• **EXERCISE BRIEF**
Exactness is required throughout. Return every record once more.

• **INPUT RECORDS**
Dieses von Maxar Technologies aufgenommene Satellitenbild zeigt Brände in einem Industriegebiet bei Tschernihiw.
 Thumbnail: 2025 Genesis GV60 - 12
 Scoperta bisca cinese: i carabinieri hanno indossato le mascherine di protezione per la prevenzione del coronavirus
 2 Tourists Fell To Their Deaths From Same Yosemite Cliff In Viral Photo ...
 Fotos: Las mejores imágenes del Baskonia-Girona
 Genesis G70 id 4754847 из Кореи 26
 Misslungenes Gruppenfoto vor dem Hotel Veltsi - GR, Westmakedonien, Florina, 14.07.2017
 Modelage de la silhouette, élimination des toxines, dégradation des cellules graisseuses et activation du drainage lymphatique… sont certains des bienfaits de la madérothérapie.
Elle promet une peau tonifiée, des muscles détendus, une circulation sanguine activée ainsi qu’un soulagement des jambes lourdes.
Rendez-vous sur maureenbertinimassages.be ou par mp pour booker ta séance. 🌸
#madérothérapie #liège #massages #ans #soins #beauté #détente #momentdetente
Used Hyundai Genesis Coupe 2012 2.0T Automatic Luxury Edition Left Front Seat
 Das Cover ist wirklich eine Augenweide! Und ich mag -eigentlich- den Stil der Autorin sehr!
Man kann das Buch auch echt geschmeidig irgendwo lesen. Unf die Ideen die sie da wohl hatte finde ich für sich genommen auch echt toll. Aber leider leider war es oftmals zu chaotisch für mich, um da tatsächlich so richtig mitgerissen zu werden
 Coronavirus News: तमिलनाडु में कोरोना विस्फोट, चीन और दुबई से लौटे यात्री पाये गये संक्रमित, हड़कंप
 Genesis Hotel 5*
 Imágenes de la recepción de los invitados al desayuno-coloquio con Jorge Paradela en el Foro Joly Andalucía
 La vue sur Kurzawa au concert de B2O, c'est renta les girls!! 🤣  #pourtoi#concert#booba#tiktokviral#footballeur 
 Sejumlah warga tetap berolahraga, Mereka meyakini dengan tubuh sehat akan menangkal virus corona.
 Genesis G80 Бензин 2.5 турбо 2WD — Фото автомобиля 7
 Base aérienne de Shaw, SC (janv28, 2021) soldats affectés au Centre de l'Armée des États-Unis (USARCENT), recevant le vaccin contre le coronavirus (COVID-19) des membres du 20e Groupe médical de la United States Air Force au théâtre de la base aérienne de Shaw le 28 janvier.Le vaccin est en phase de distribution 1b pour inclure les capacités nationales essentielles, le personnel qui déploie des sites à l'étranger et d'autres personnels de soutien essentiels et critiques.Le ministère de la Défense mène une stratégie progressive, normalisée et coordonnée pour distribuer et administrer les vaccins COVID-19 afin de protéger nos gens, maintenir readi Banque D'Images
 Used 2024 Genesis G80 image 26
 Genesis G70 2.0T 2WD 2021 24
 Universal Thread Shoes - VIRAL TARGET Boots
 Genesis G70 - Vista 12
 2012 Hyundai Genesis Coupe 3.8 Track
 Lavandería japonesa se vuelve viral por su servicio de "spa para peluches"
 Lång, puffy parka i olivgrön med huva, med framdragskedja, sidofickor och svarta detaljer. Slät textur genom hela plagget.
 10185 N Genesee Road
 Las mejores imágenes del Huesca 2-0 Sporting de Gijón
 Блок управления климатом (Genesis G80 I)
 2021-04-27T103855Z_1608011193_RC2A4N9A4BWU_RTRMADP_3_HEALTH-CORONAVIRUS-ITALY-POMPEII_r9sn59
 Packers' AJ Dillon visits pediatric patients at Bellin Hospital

• **REPLY**
Dieses von Maxar Technologies aufgenommene Satellitenbild zeigt Brände in einem Industriegebiet bei Tschernihiw.
 Thumbnail: 2025 Genesis GV60 - 12
 Scoperta bisca cinese: i carabinieri hanno indossato le mascherine di protezione per la prevenzione del coronavirus
 2 Tourists Fell To Their Deaths From Same Yosemite Cliff In Viral Photo ...
 Fotos: Las mejores imágenes del Baskonia-Girona
 Genesis G70 id 4754847 из Кореи 26
 Misslungenes Gruppenfoto vor dem Hotel Veltsi - GR, Westmakedonien, Florina, 14.07.2017
 Modelage de la silhouette, élimination des toxines, dégradation des cellules graisseuses et activation du drainage lymphatique… sont certains des bienfaits de la madérothérapie.
Elle promet une peau tonifiée, des muscles détendus, une circulation sanguine activée ainsi qu’un soulagement des jambes lourdes.
Rendez-vous sur maureenbertinimassages.be ou par mp pour booker ta séance. 🌸
#madérothérapie #liège #massages #ans #soins #beauté #détente #momentdetente
Used Hyundai Genesis Coupe 2012 2.0T Automatic Luxury Edition Left Front Seat
 Das Cover ist wirklich eine Augenweide! Und ich mag -eigentlich- den Stil der Autorin sehr!
Man kann das Buch auch echt geschmeidig irgendwo lesen. Unf die Ideen die sie da wohl hatte finde ich für sich genommen auch echt toll. Aber leider leider war es oftmals zu chaotisch für mich, um da tatsächlich so richtig mitgerissen zu werden
 Coronavirus News: तमिलनाडु में कोरोना विस्फोट, चीन और दुबई से लौटे यात्री पाये गये संक्रमित, हड़कंप
 Genesis Hotel 5*
 Imágenes de la recepción de los invitados al desayuno-coloquio con Jorge Paradela en el Foro Joly Andalucía
 La vue sur Kurzawa au concert de B2O, c'est renta les girls!! 🤣  #pourtoi#concert#booba#tiktokviral#footballeur 
 Sejumlah warga tetap berolahraga, Mereka meyakini dengan tubuh sehat akan menangkal virus corona.
 Genesis G80 Бензин 2.5 турбо 2WD — Фото автомобиля 7
 Base aérienne de Shaw, SC (janv28, 2021) soldats affectés au Centre de l'Armée des États-Unis (USARCENT), recevant le vaccin contre le coronavirus (COVID-19) des membres du 20e Groupe médical de la United States Air Force au théâtre de la base aérienne de Shaw le 28 janvier.Le vaccin est en phase de distribution 1b pour inclure les capacités nationales essentielles, le personnel qui déploie des sites à l'étranger et d'autres personnels de soutien essentiels et critiques.Le ministère de la Défense mène une stratégie progressive, normalisée et coordonnée pour distribuer et administrer les vaccins COVID-19 afin de protéger nos gens, maintenir readi Banque D'Images
 Used 2024 Genesis G80 image 26
 Genesis G70 2.0T 2WD 2021 24
 Universal Thread Shoes - VIRAL TARGET Boots
 Genesis G70 - Vista 12
 2012 Hyundai Genesis Coupe 3.8 Track
 Lavandería japonesa se vuelve viral por su servicio de "spa para peluches"
 Lång, puffy parka i olivgrön med huva, med framdragskedja, sidofickor och svarta detaljer. Slät textur genom hela plagget.
 10185 N Genesee Road
 Las mejores imágenes del Huesca 2-0 Sporting de Gijón
 Блок управления климатом (Genesis G80 I)
 2021-04-27T103855Z_1608011193_RC2A4N9A4BWU_RTRMADP_3_HEALTH-CORONAVIRUS-ITALY-POMPEII_r9sn59
 Packers' AJ Dillon visits pediatric patients at Bellin Hospital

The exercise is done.